Your assignment: Write out every record below exactly as given. Leave the pictures out.

[Web page caption snippets]
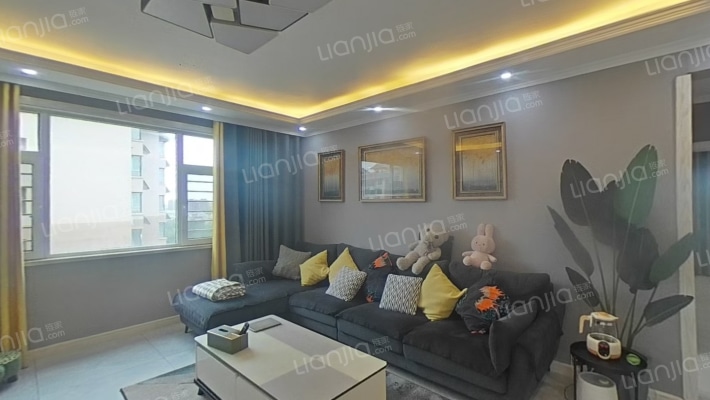 远邦公馆二手房实景图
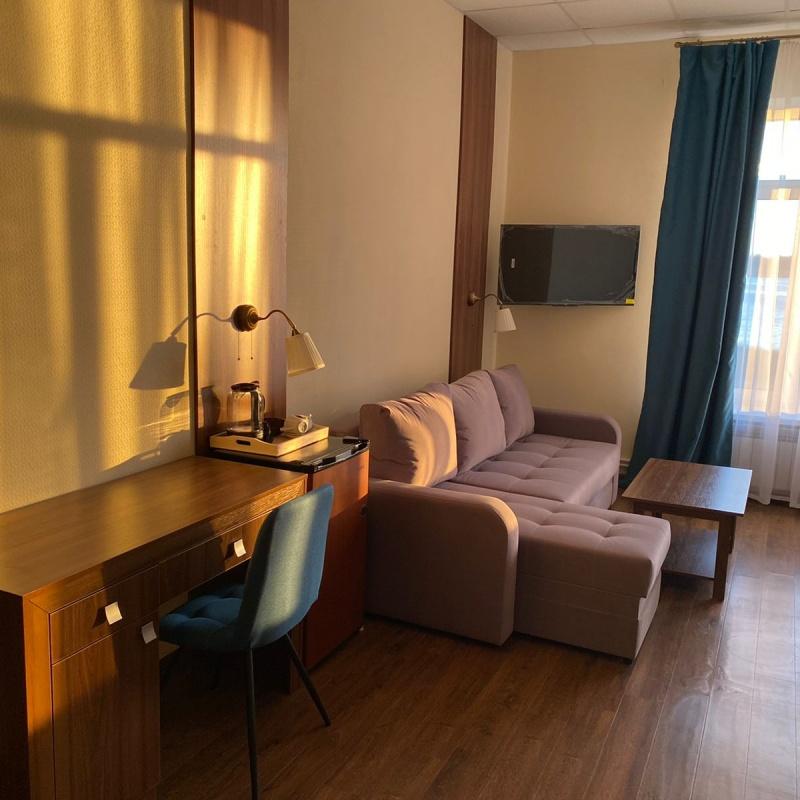 Категория А Twin Bed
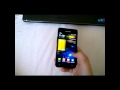 Foto pequena Samsung Galaxy S II review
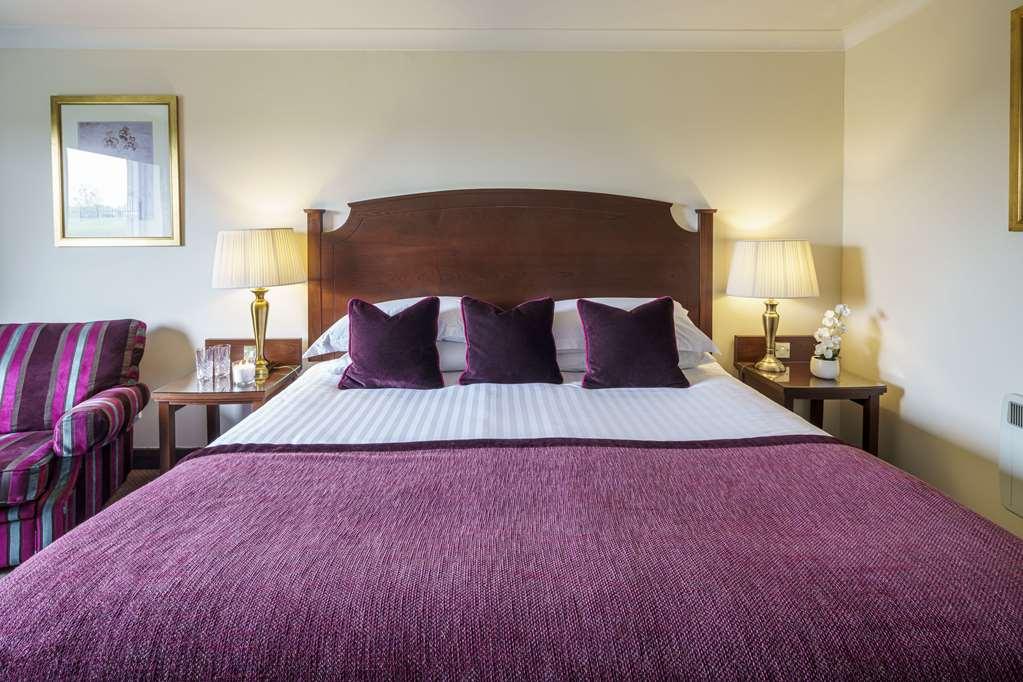 Macdonald Inchyra Hotel & Spa Polmont Bilik gambar
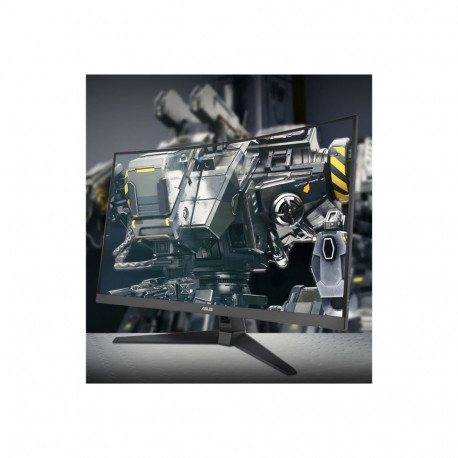 ASUS TUF Gaming VG32WQ3B 31.5inch Fast VA WLED Curved 1500R QHD 16:9 180Hz 300cd/m2 0.5ms 2xHDMI DP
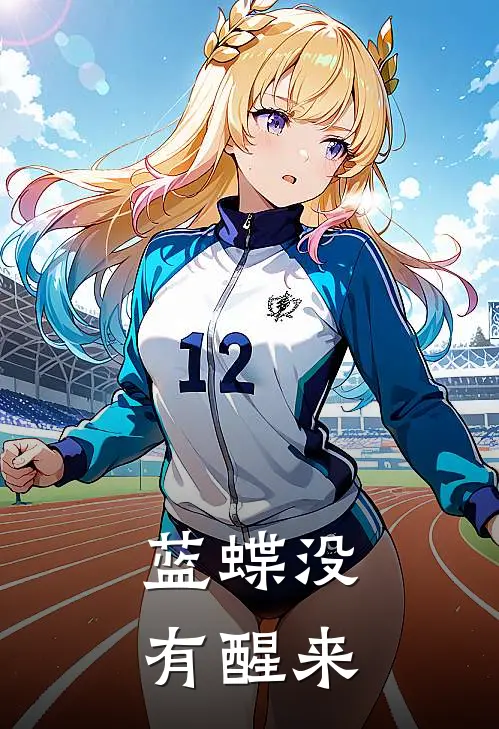 《蓝蝶没有醒来》苏沁程沉已完结小说_蓝蝶没有醒来(苏沁程沉)经典小说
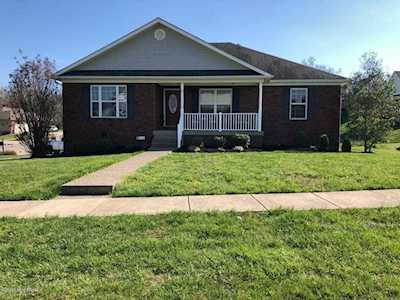 171 Sycamore Dr Taylorsville, KY 40071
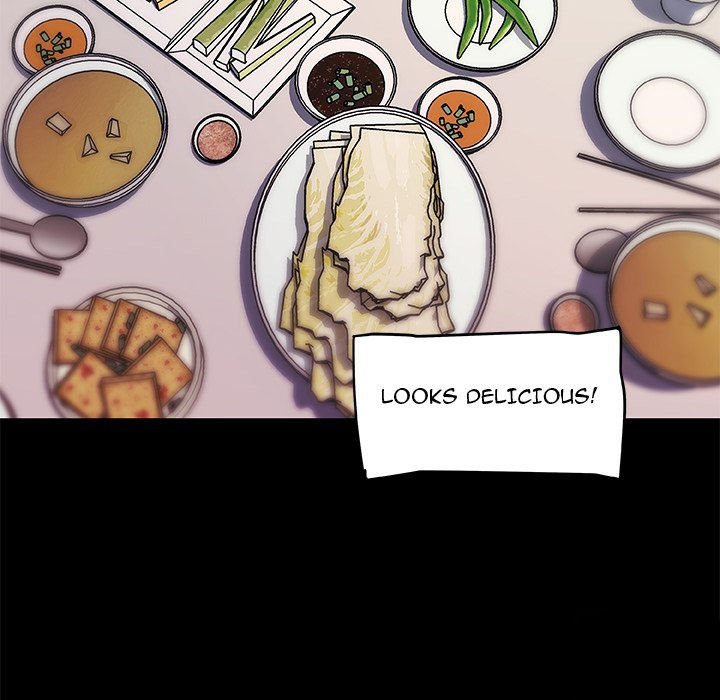 Family Adjustments Manhwa - Chapter 42 Page 60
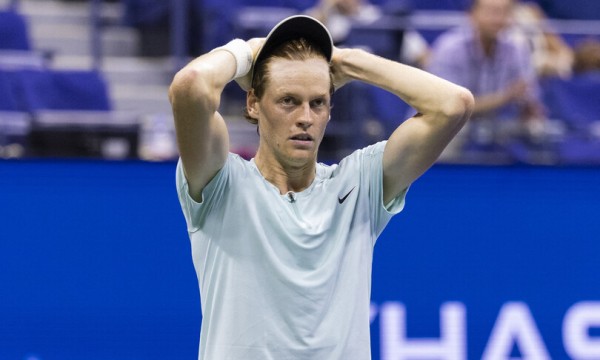 Jannik Sinner 
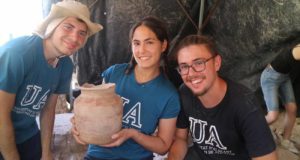 El hallazgo que abre una nueva perspectiva sobre el yacimiento donde apareció la Dama de Elche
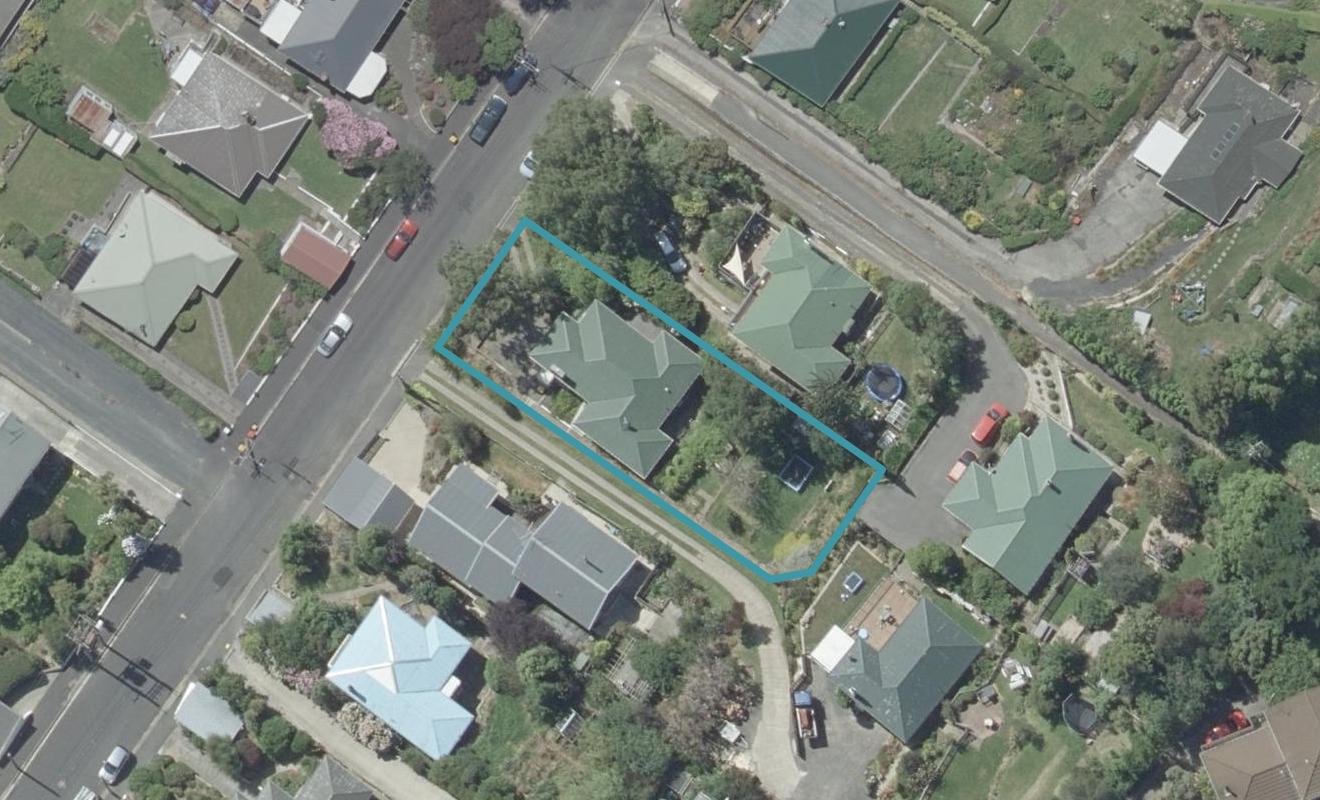 76 Hocken Street, Kenmure, Dunedin - Carousel 1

Answer below:
 远邦公馆二手房实景图
 Категория А Twin Bed
 Foto pequena Samsung Galaxy S II review
 Macdonald Inchyra Hotel & Spa Polmont Bilik gambar
 ASUS TUF Gaming VG32WQ3B 31.5inch Fast VA WLED Curved 1500R QHD 16:9 180Hz 300cd/m2 0.5ms 2xHDMI DP
 《蓝蝶没有醒来》苏沁程沉已完结小说_蓝蝶没有醒来(苏沁程沉)经典小说
 171 Sycamore Dr Taylorsville, KY 40071
 Family Adjustments Manhwa - Chapter 42 Page 60
 Jannik Sinner 
 El hallazgo que abre una nueva perspectiva sobre el yacimiento donde apareció la Dama de Elche
 76 Hocken Street, Kenmure, Dunedin - Carousel 1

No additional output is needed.